→ Exercise:
Could you transcribe all of the data exactly and skip any pictures?

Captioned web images

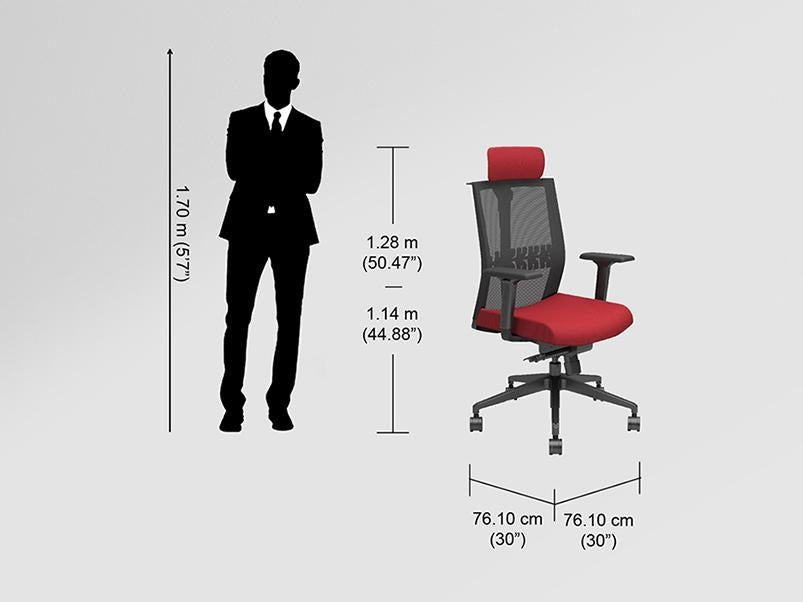 Aero High Back Knitted Fabric Ergonomic Office Chair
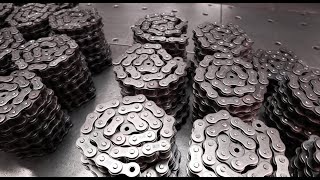 Amazing Chain ProducTion ManuFactruRing Process | Heavy Chain | Roller Chain l T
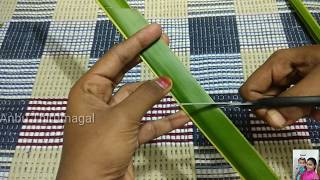 coconut leaf thoranam home decoration for festivalAnbu Thirumagal [upl. by Airat]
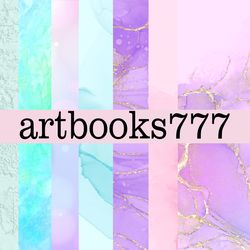 spring paper packaging, digital paper, spring -1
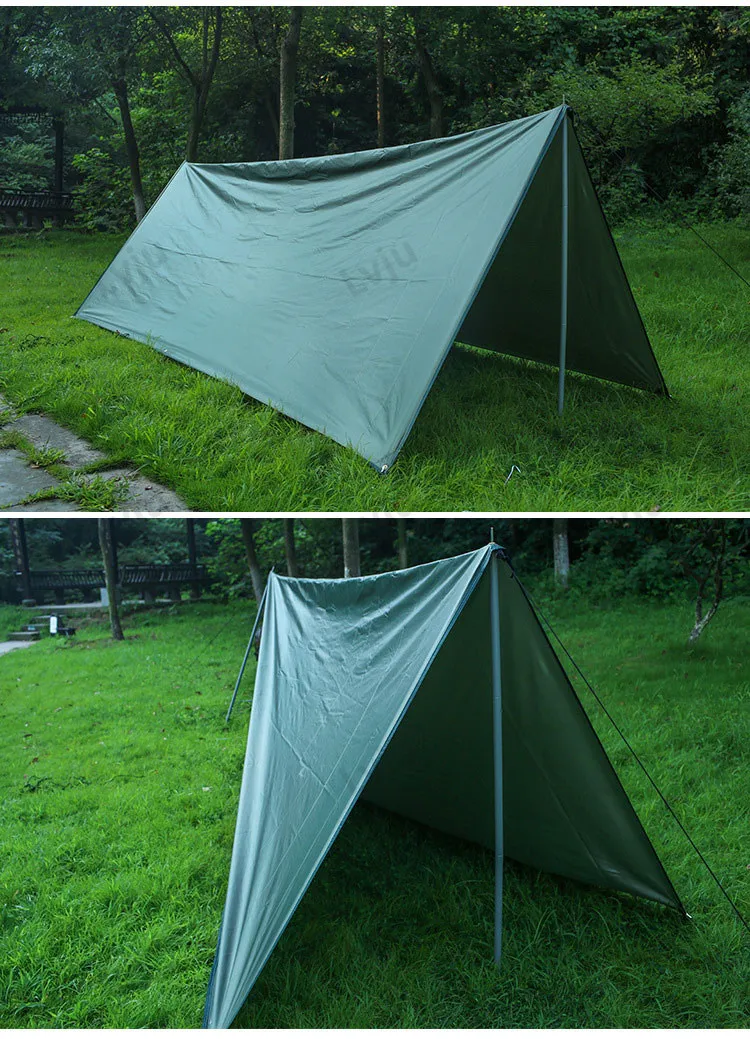 Lvju 10x20ft 3x6m Camping Tent Rain Fly Toldo Camping Shade Tarp For Fishing, Survival, Adventure, Picnic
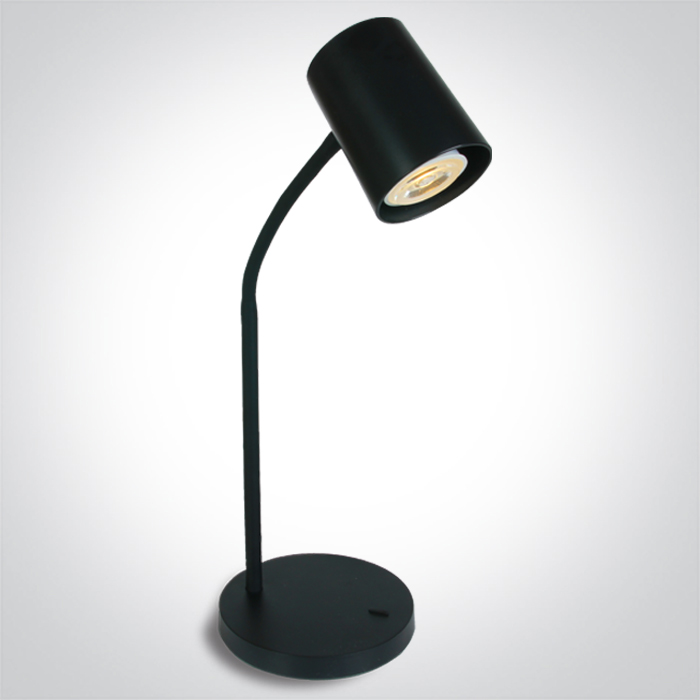 61110A/B BLACK TABLE LAMP GU10 10W EU PLUG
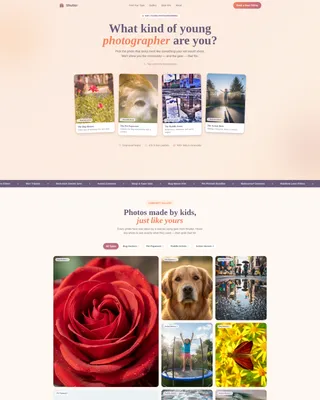 Kids Photography Gear Store Landing Page Template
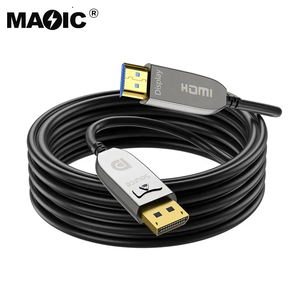 Cable de fibra óptica activa chapado en oro DP para HDMI 4K 60Hz 5m 10m <span class=keywords><strong>15M</strong></span> 20m a 100m Puerto de pantalla para HDMI PVC Jacket para HDTV - Product Image 5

→ Output of the exercise:
 Aero High Back Knitted Fabric Ergonomic Office Chair
 Amazing Chain ProducTion ManuFactruRing Process | Heavy Chain | Roller Chain l T
 coconut leaf thoranam home decoration for festivalAnbu Thirumagal [upl. by Airat]
 spring paper packaging, digital paper, spring -1
 Lvju 10x20ft 3x6m Camping Tent Rain Fly Toldo Camping Shade Tarp For Fishing, Survival, Adventure, Picnic
 61110A/B BLACK TABLE LAMP GU10 10W EU PLUG
 Kids Photography Gear Store Landing Page Template
 Cable de fibra óptica activa chapado en oro DP para HDMI 4K 60Hz 5m 10m <span class=keywords><strong>15M</strong></span> 20m a 100m Puerto de pantalla para HDMI PVC Jacket para HDTV - Product Image 5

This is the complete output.